BEGIN Available data
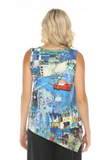 INOAH "Grand Canal" - Top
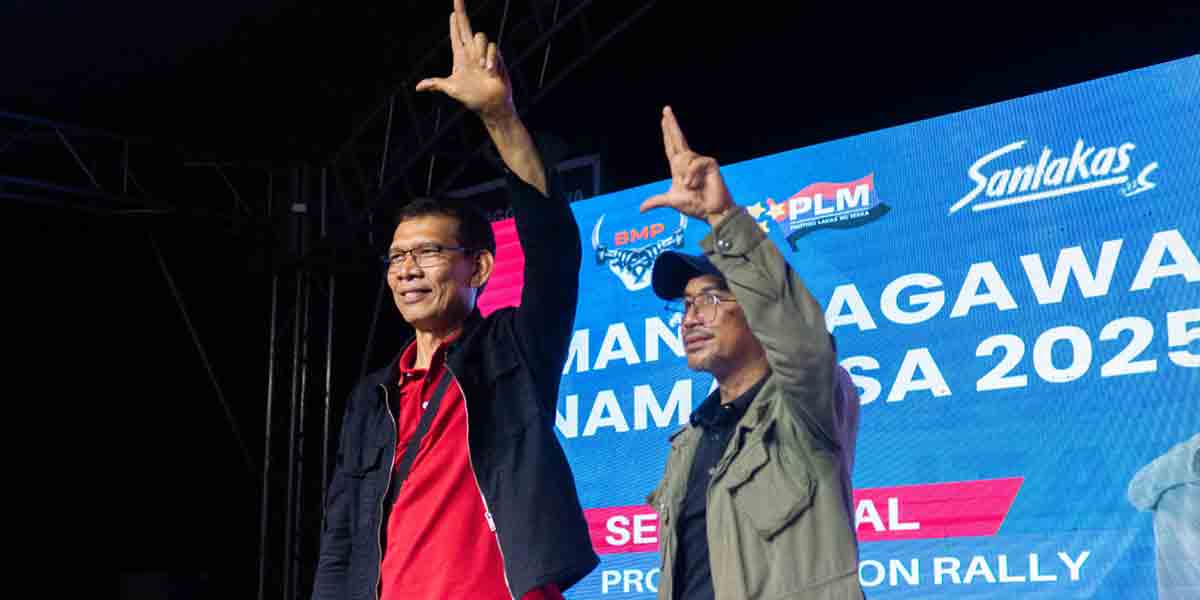 Senate Bets Bat for 1500 National Daily Minimum Wage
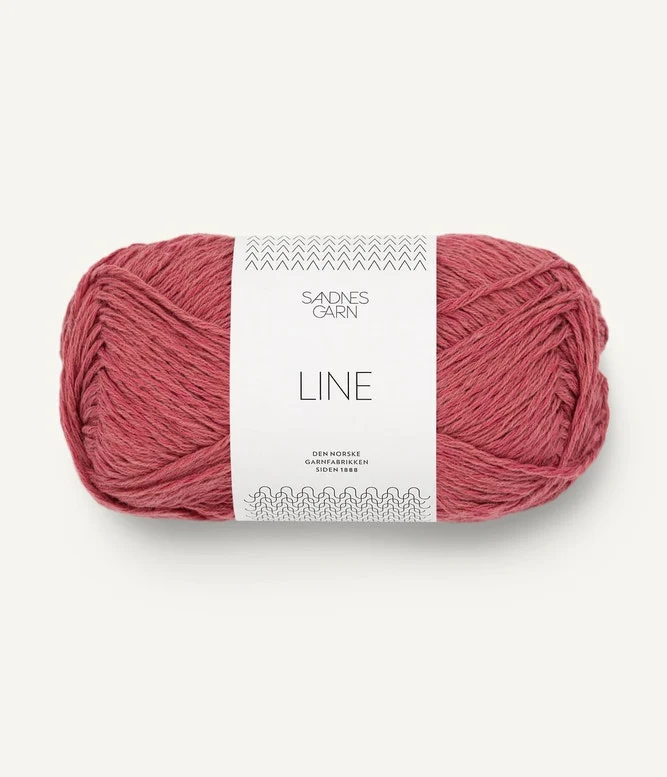 linea di garn sandnes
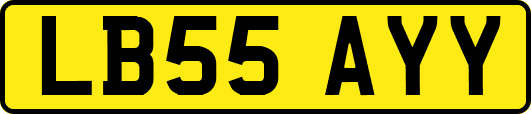 LB55AYY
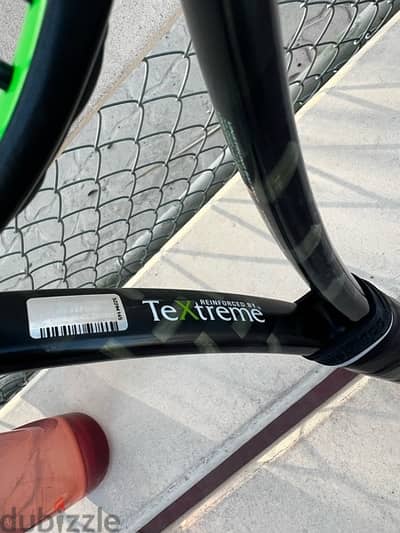 Tennis Racket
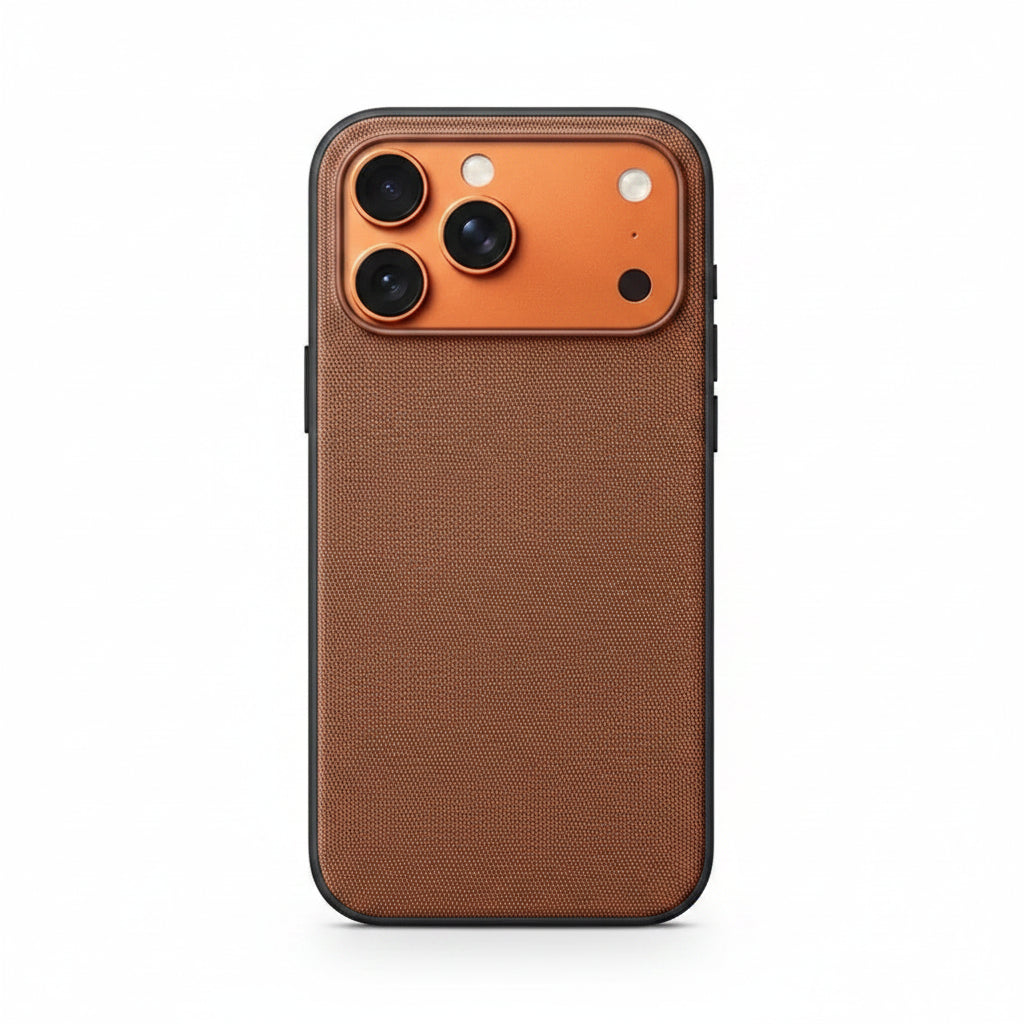 Woven MagSafe iPhone Case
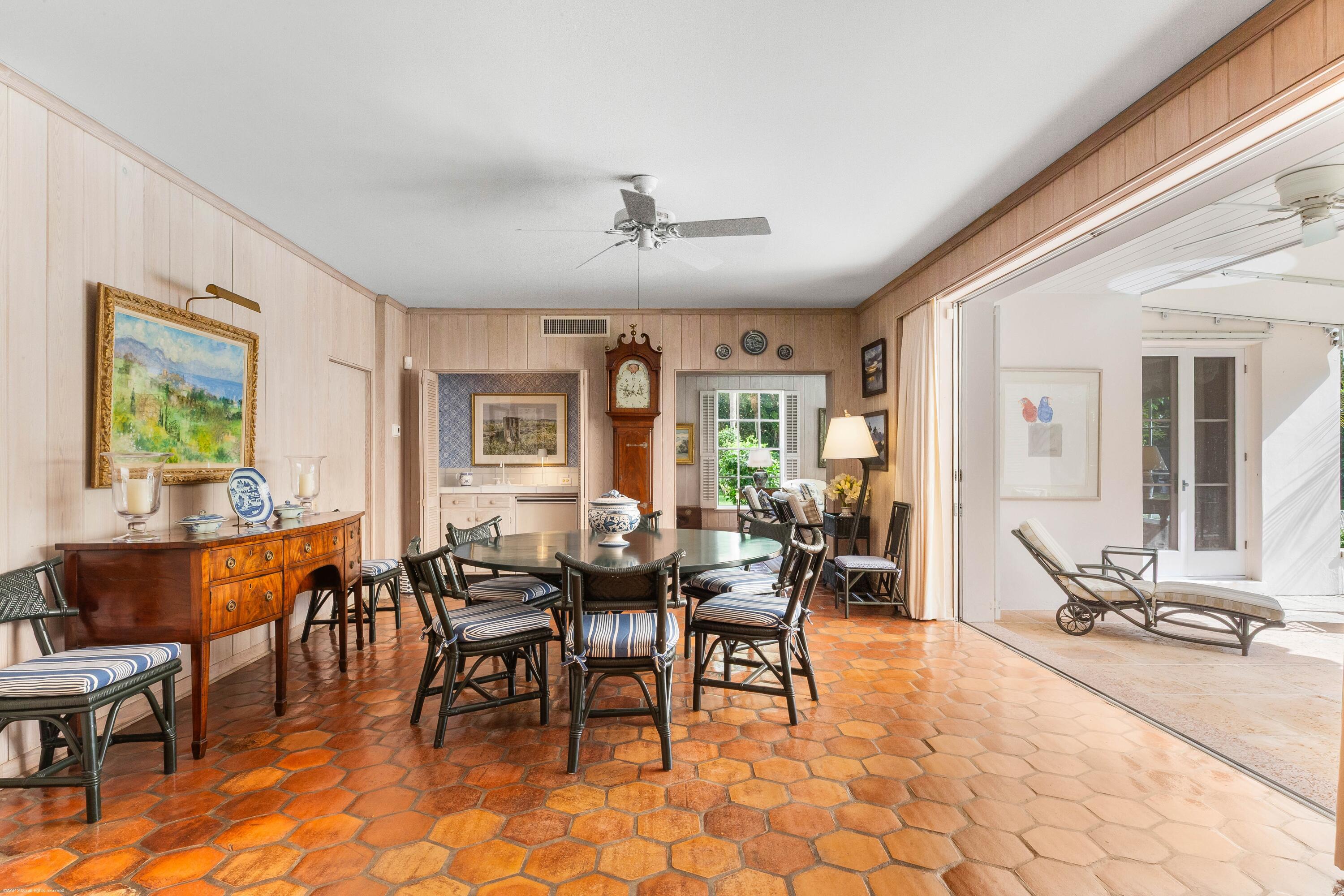 128 South Beach Road Jupiter Island, FL 33455 - Photo 10 of 29 128 S Beach Rd 016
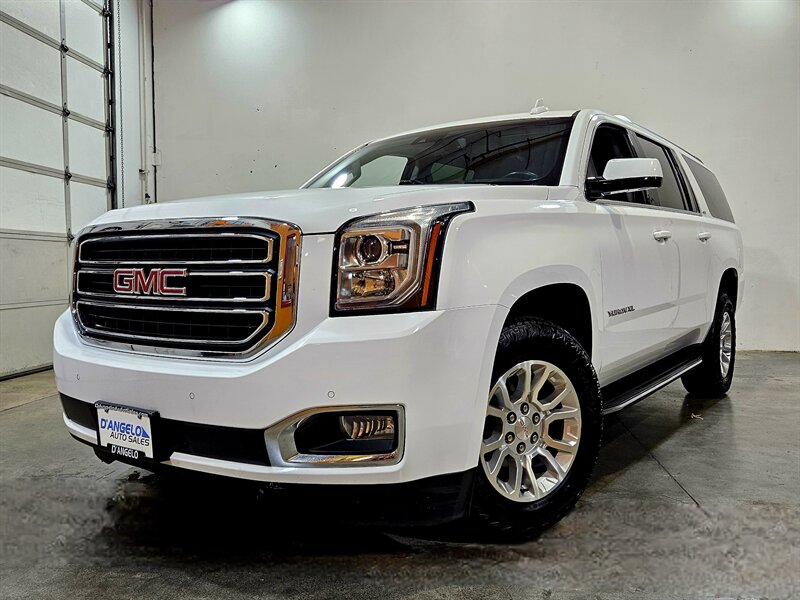 2020 GMC Yukon XL SLT   - Photo 60 - Hillsboro, OR 97124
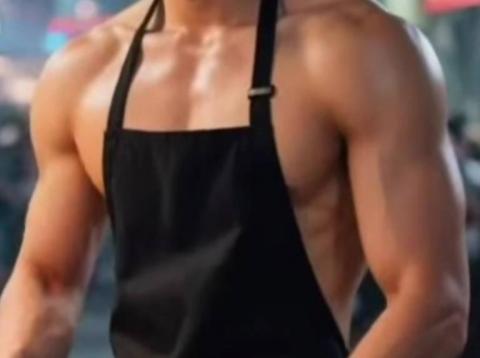 方 教 練 - 男按摩師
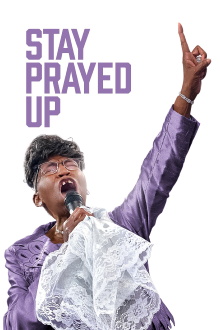 Stay Prayed Up Trailer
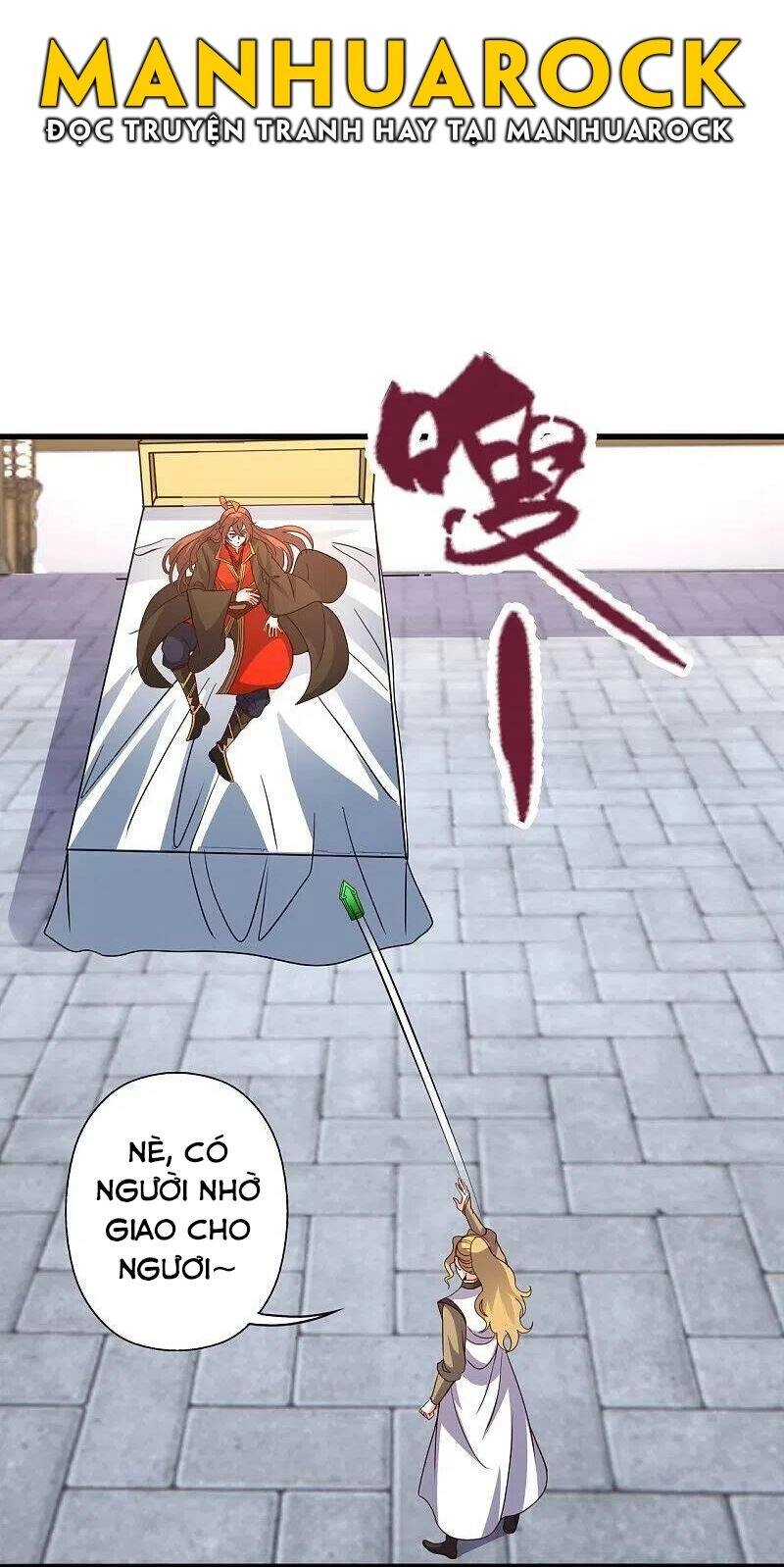 Tiên Võ Đế Tôn Chapter 319 - 59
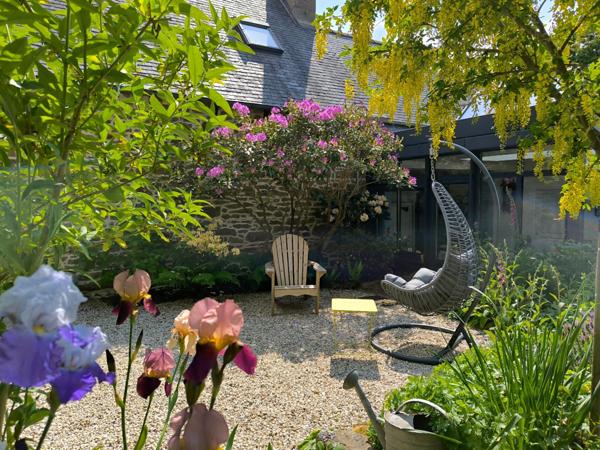 Propriété non loin des plages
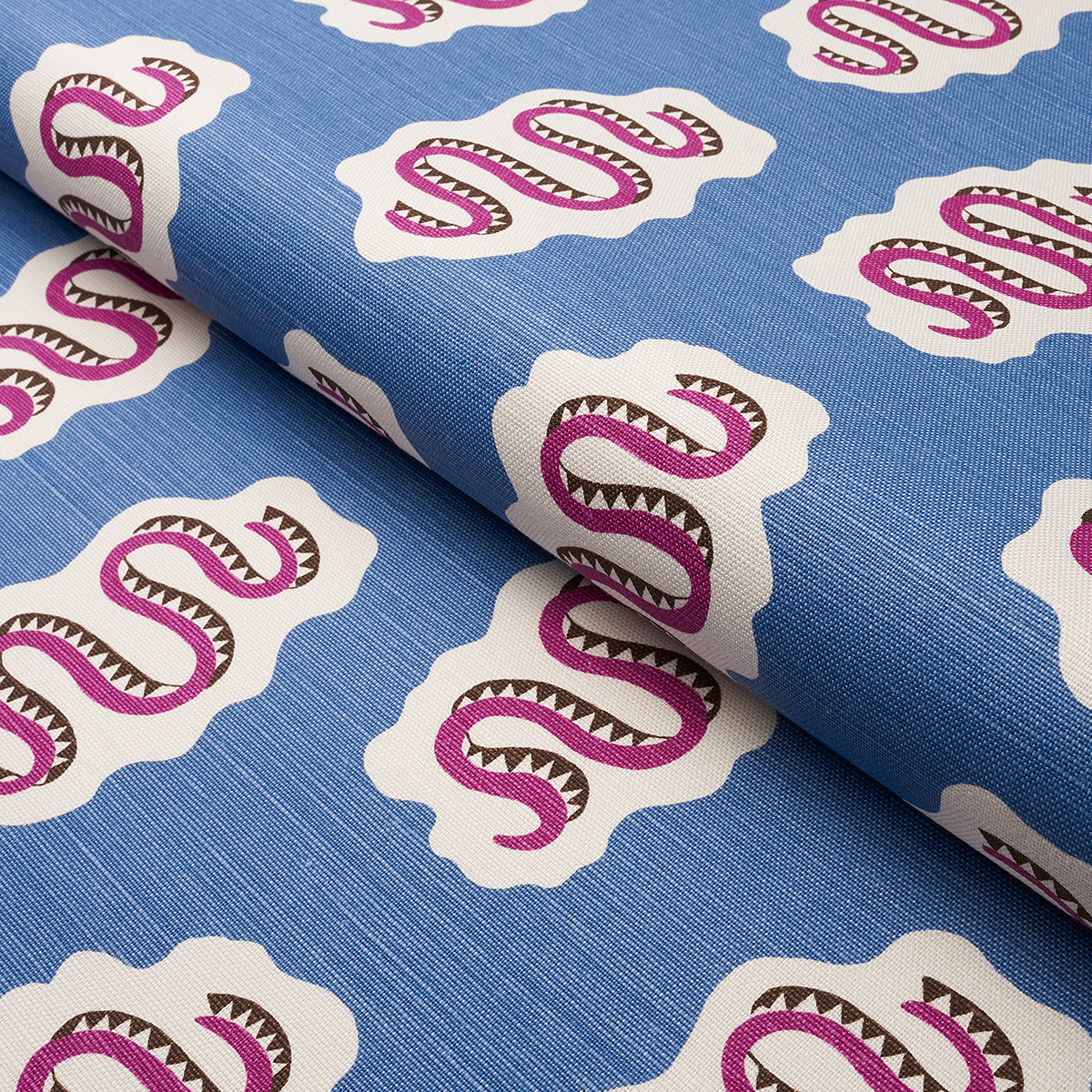 ELSA-LAPIS-SCHUMACHER-180863 - Schumacher Fabric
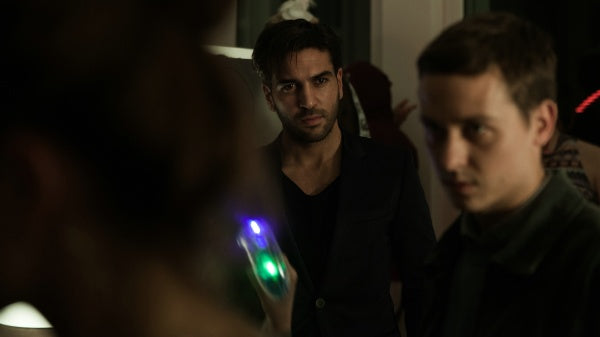 Who Am I - Kein System ist sicher (DVD) – Bild 5– JETZT KAUFEN BEI GLACIER GAMES .at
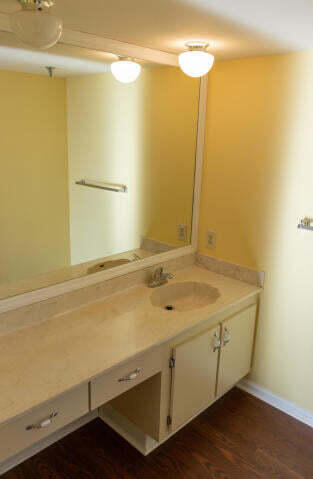 LA COSTA DEL MAR CONDO - Residential Lease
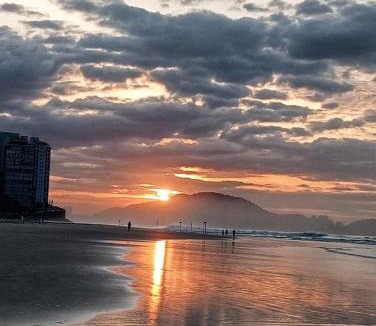 Pitangueiras Apartment | Studio 811 pitangueiras - na quadra da praia!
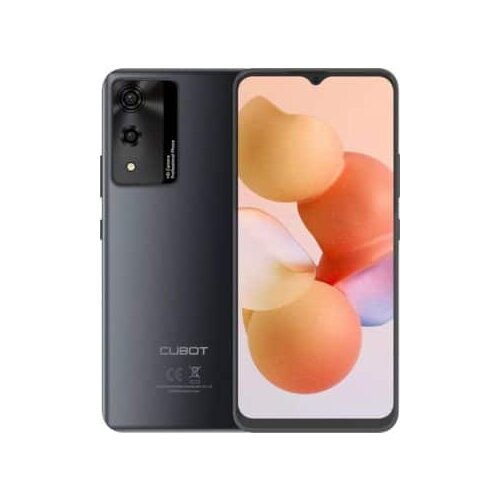  Mobitel CUBOT A10 4GB 128GB Black Cijene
END Available data
- _Task brief_: Please give back exactly the lines from the first line of the records above through the line containing "Pitangueiras Apartment |", only those and both included, with the pictures removed.

- _Solution for this problem_:
 INOAH "Grand Canal" - Top
 Senate Bets Bat for 1500 National Daily Minimum Wage
 linea di garn sandnes
 LB55AYY
 Tennis Racket
 Woven MagSafe iPhone Case
 128 South Beach Road Jupiter Island, FL 33455 - Photo 10 of 29 128 S Beach Rd 016
 2020 GMC Yukon XL SLT   - Photo 60 - Hillsboro, OR 97124
 方 教 練 - 男按摩師
 Stay Prayed Up Trailer
 Tiên Võ Đế Tôn Chapter 319 - 59
 Propriété non loin des plages
 ELSA-LAPIS-SCHUMACHER-180863 - Schumacher Fabric
 Who Am I - Kein System ist sicher (DVD) – Bild 5– JETZT KAUFEN BEI GLACIER GAMES .at
 LA COSTA DEL MAR CONDO - Residential Lease
 Pitangueiras Apartment | Studio 811 pitangueiras - na quadra da praia!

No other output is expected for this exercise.